* Work item: Once the pictures are set aside, transcribe the remaining data exactly.

* Input data:
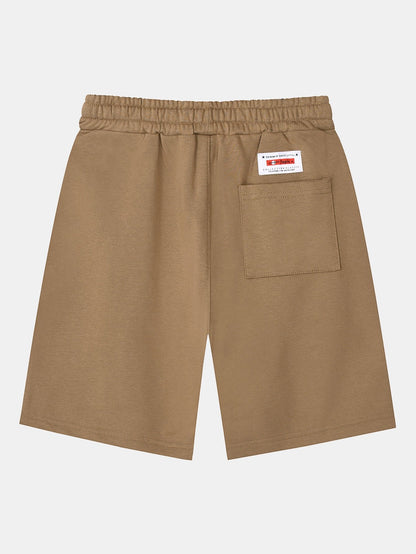 Drawstring Sweat Shorts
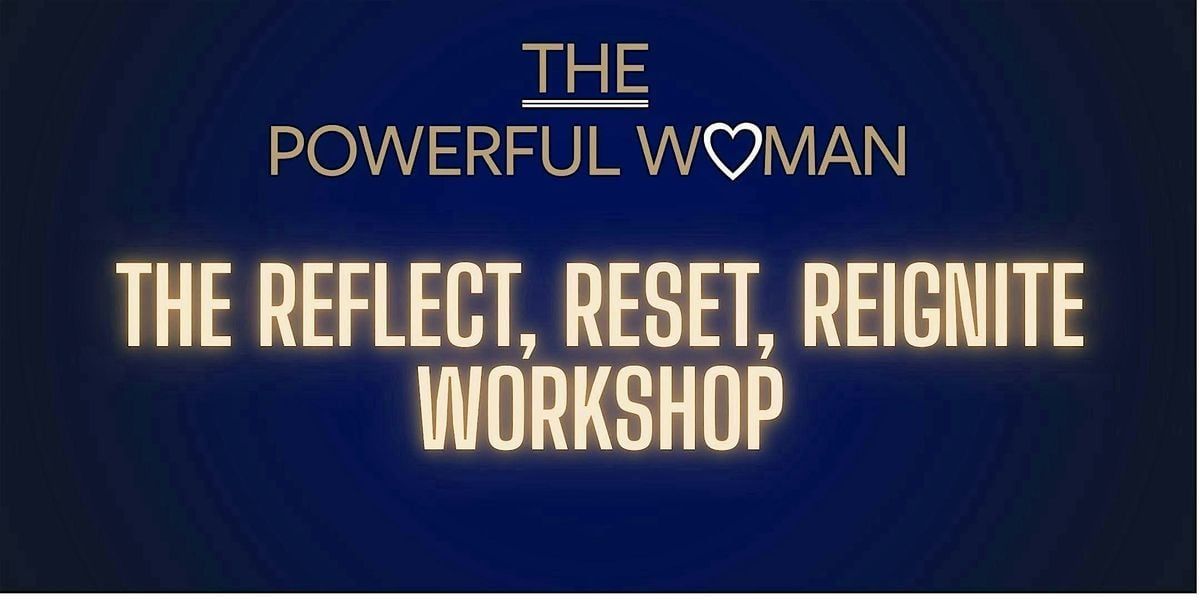 The Reflect, Reset, Reignite Workshop, 16 November | Event in Penarth | AllEvents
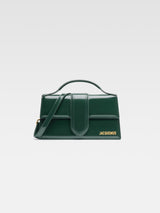 Jacquemus Le Grand Bambino Dark Green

* Reply to the exercise:
 Drawstring Sweat Shorts
 The Reflect, Reset, Reignite Workshop, 16 November | Event in Penarth | AllEvents
 Jacquemus Le Grand Bambino Dark Green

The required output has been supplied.